- EXERCISE PROMPT -
What you give back from the listing below should be an exact copy of the lines from the one with "Off-white with pink" down to the one with "So you need", and it should contain no pictures.

- SUPPLIED RECORDS -

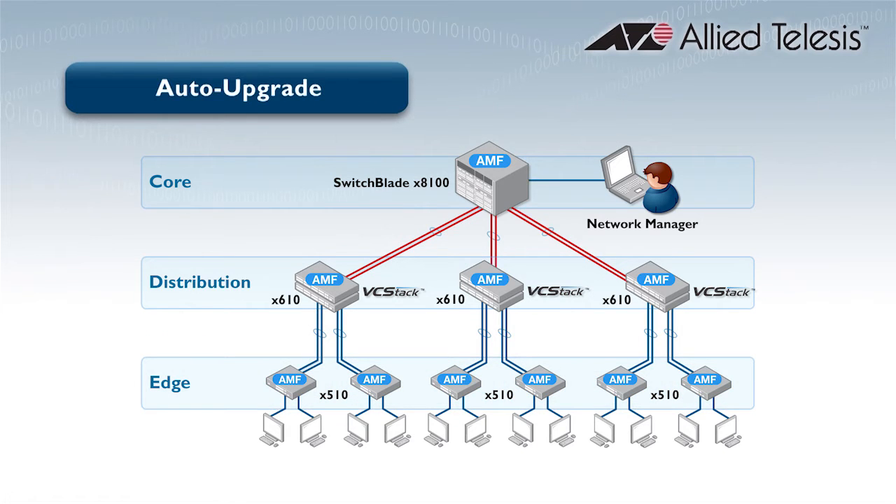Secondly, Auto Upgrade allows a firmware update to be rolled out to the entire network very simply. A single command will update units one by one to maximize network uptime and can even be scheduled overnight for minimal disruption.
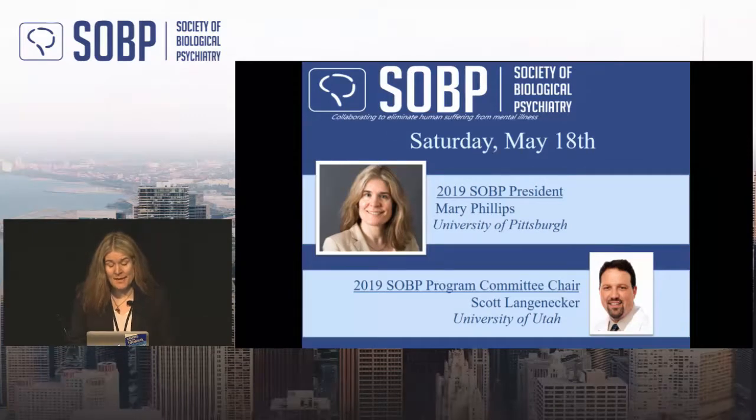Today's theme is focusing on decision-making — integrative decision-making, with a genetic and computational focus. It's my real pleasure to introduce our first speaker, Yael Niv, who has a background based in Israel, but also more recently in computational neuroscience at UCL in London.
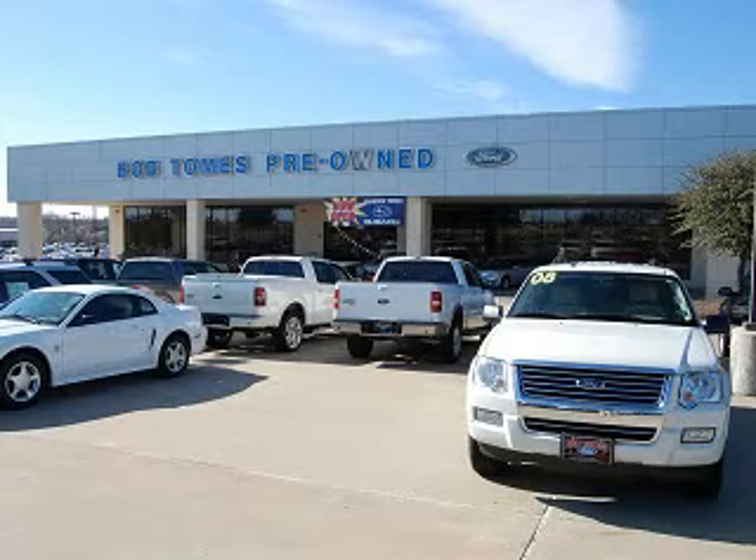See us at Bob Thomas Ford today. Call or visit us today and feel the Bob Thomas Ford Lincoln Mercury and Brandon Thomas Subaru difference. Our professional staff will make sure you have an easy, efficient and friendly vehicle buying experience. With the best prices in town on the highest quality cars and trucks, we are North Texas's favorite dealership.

--

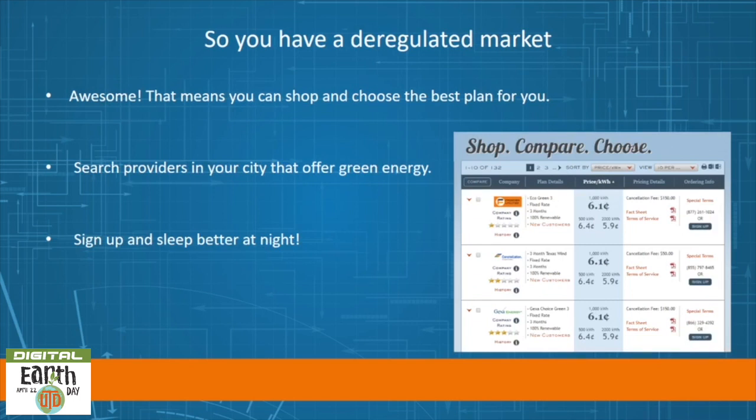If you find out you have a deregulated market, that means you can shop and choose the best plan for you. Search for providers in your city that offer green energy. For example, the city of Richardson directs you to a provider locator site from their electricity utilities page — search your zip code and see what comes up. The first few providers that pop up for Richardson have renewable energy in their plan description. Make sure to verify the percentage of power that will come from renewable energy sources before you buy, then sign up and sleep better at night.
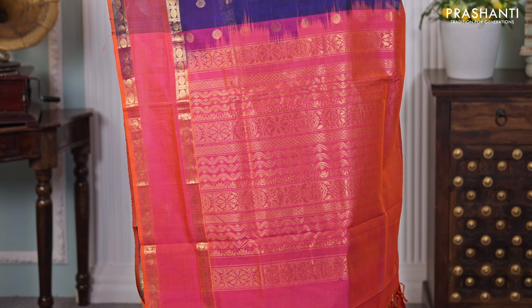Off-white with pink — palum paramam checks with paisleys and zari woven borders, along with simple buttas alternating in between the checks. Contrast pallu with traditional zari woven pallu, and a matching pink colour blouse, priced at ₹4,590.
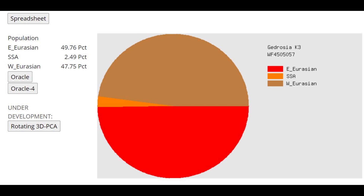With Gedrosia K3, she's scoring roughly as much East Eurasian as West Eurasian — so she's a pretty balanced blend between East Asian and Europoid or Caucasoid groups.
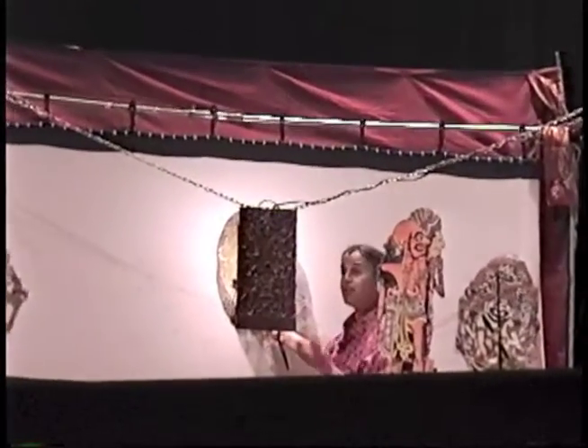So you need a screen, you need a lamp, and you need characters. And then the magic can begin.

- RESULT OF THIS TASK -
Off-white with pink — palum paramam checks with paisleys and zari woven borders, along with simple buttas alternating in between the checks. Contrast pallu with traditional zari woven pallu, and a matching pink colour blouse, priced at ₹4,590.
With Gedrosia K3, she's scoring roughly as much East Eurasian as West Eurasian — so she's a pretty balanced blend between East Asian and Europoid or Caucasoid groups.
So you need a screen, you need a lamp, and you need characters. And then the magic can begin.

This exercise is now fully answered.